» **Problem to solve**: Can you write out the whole listing exactly?

» **Information provided**:
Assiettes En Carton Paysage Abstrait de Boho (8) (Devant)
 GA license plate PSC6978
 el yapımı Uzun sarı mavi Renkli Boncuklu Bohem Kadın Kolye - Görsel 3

» **Written solution**:
Assiettes En Carton Paysage Abstrait de Boho (8) (Devant)
 GA license plate PSC6978
 el yapımı Uzun sarı mavi Renkli Boncuklu Bohem Kadın Kolye - Görsel 3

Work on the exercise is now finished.